A SURPRISINGLY restrained work from the former Gillan guitarist but intriguing nonetheless. Part of the reason he left Gillan, I understand, was that he felt he was required to produce a cavalcade of axe histrionics on tap, which left not much room for virtuosity and is probably why he makes use of a variety of resources including rhythm ‘n’ blues on the title track and even Chinese flutes’. That indelible Tormé guitar sound still comes crashing through, though, most notably on ‘Lies’ and the last track ‘Oh No”, while the Gillan influence makes its presence felt on ‘America’. Compare Bernie’s vocals on this with his former employers on ‘Message In A Bottle off ‘Mr Universe’,..

‘Possession’ brings the original Bernie Tormé Band together on record for the first time, I believe, in three years with Mark Harrison thumping the skins and Phil ‘Fester’ Spalding, now with Toyah, playing bass as well as helping out with the writing on a couple of tracks. Saxon’s Nigel Glockner and Colin Towns fill the rest of the line-up credits.

Leaving the competently handled Heavy Metal aside, however, the most fascinating track is the old Velvet Underground killer ‘Chelsea Girl’. Written by Reed and Morrison for that hauntingly divine chanteuse Nico, this may well be the finest thing Tormé has ever recorded.

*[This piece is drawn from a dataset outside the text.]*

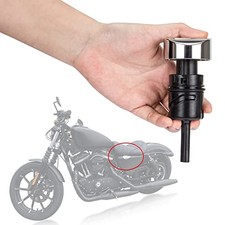 Oil Dipstick Filler Plug Oil Dipstick Tank Filler Plug for Sportster Chrome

Towns’ chilling keyboards and the latter’s pitched delivery merge to stunning effect before the number segues into the instrumental ‘India’ to a backing of flutes and string machine. Brilliant and compelling stuff.

The Fin Stein sleeve is worth a mention, too. Included are a ‘Mr Universe’ cover, Robert Heinlein’s Glory Road’, a Bernie Tormé Band poster, the complete works of Shakespeare and an assortment of other oddities it should be fun picking out.

DAVE DICKSON


JUNE 1982 – Bernie Torme Interview with Chas De Whalley

“THE TROUBLE with American audiences is that they take everything too seriously and they don’t see through to the humour of things. We were playing in Boston one night and this guy turned up with a dead cat tied round his waist. Apparently he’d killed it outside before he came into the hall and was down the front banging his head and giving the peace signs with the rest of them, it was like something from the Outer Limits.”

Once Bernie Tormé warms to a theme, the stutter that plagues his conversation vanishes as if by magic and an almost leprechaun-like glitter comes to his bright Dublin eye. But once he starts talking about his time with Ozzy Osbourne out there in the wilds of the US of A, his natural sense of humour adopts a more hysterical tone, almost as if he’s trying to stop terror from clouding his mind. The strange circus that is the Ozzy Osbourne band on tour represents a side of Metal mania dangerously close to nightmare and the Hammer House of Horror. Not to young Bernie’s taste.

“Somewhere along the line Ozzy’s lost control of his press image, and I think you’d find he’d agree with that. Sure it’s great for business, he’s packing them in everywhere in the Slates by basically being himself and not trying to be Styx or someone, but the press stories about him are just untrue. I was only in the band for a few weeks, but in that time we had the Animal Protection League threaten to cancel a whole string of dates.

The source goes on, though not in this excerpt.